- Exercise:
Pull out every line of the listing below where "Orange" appears.

Provided records below:

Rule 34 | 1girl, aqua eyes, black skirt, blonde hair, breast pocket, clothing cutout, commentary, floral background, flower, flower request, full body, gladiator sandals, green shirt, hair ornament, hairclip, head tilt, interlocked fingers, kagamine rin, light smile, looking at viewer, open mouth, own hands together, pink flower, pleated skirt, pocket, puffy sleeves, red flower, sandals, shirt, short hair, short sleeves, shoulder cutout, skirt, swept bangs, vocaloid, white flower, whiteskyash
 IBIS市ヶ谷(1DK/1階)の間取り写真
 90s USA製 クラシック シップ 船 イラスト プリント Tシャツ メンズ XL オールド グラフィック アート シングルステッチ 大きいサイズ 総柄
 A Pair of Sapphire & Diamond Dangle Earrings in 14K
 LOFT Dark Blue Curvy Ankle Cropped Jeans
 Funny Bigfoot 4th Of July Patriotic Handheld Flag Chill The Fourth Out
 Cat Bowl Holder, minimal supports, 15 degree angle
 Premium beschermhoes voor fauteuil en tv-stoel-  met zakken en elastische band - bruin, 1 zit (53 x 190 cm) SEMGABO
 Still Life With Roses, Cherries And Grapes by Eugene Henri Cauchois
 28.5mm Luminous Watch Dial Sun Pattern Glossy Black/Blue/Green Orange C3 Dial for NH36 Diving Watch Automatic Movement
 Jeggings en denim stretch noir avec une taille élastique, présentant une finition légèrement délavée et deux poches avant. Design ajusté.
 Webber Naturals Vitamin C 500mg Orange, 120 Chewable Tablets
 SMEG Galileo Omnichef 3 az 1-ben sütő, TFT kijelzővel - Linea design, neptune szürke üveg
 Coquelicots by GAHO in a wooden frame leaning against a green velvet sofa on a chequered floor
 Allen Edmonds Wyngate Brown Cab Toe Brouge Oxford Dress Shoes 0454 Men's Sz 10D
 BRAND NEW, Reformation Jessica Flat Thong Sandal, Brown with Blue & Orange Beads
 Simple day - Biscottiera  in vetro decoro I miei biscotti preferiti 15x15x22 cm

End of Provided records.

- Solution for this exercise:
 28.5mm Luminous Watch Dial Sun Pattern Glossy Black/Blue/Green Orange C3 Dial for NH36 Diving Watch Automatic Movement
 Webber Naturals Vitamin C 500mg Orange, 120 Chewable Tablets
 BRAND NEW, Reformation Jessica Flat Thong Sandal, Brown with Blue & Orange Beads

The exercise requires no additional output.